Mitchell and two first-rounders (2026 and 2027) were dealt to the Jets to get the dynamic, All-Pro level cornerback to Lou Anarumo’s defense.
Treadwell hasn’t had the career that a first-rounder should (drafted in 2016 – 23rd overall pick), but at this point, he doesn’t need to be given what Indianapolis has offensively.
While Treadwell isn’t a game-changer, and doesn’t have the skills and explosiveness that Mitchell did, he far outpaces him in experience and reps.
Treadwell has played for a decade in the NFL and compiled 85 games (24 starts). During that time he’s secured 111 catches on 178 targets for 1,242 receiving yards and five touchdowns.
It will be interesting to see if the offense really changes much without Mitchell, and how he performs with a badly struggling Jets squad moving forward.

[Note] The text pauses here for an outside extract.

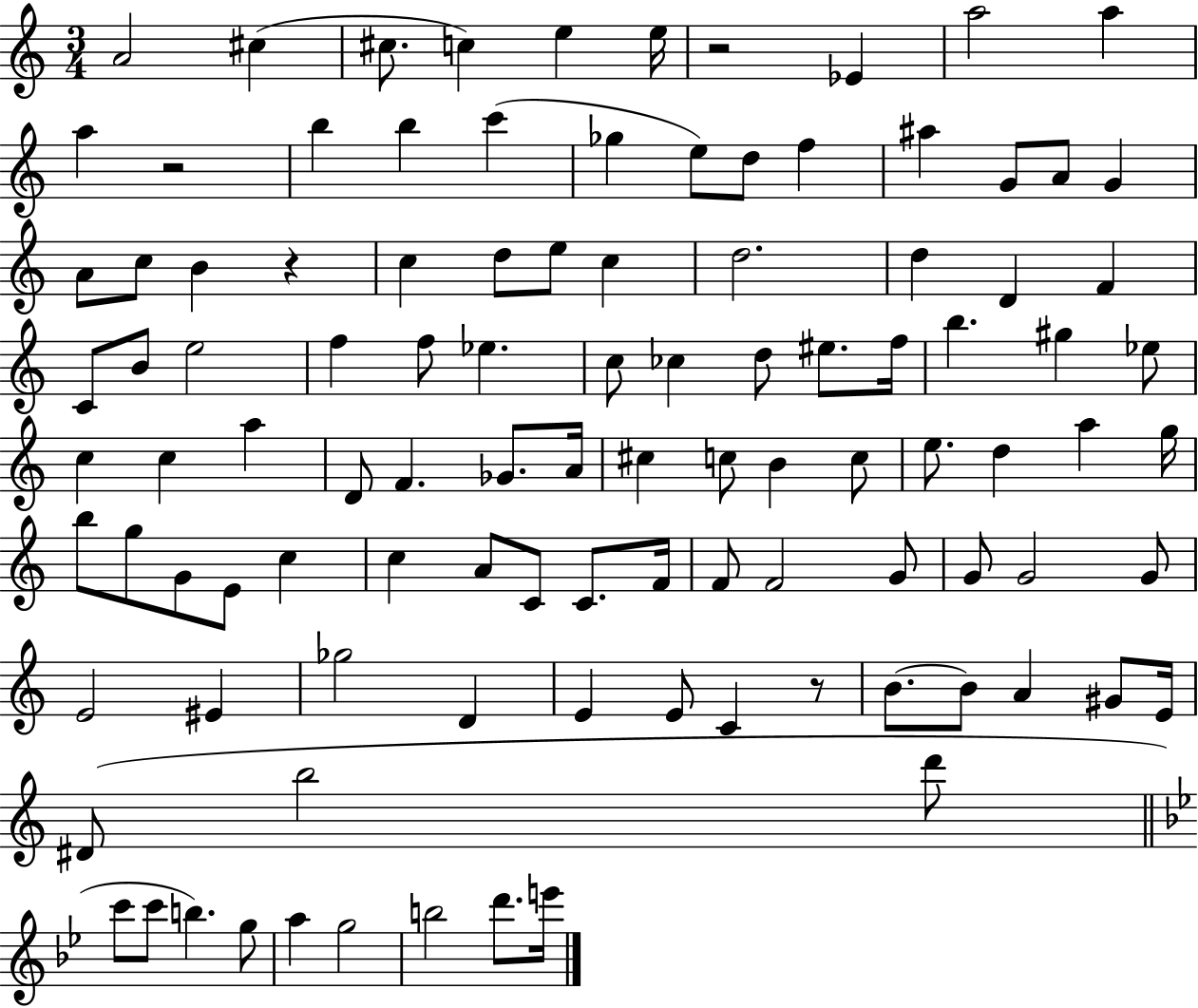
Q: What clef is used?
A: treble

Indianapolis is coming off a horrific offensive showing against the Pittsburgh Steelers, where quarterback Daniel Jones coughed up a whopping five turnovers.
This is a get-right game, but won’t be as easy without Buckner on the defensive side of the ball. Anarumo, yet again, must traverse key injuries. But, that hasnt’ slowed him down much this season.
Keep an eye on Nchami, Smith, and Treadwell, as with so many injuries and departures, they all might get some snaps in this one when kickoff occurs in Berlin tomorrow morning.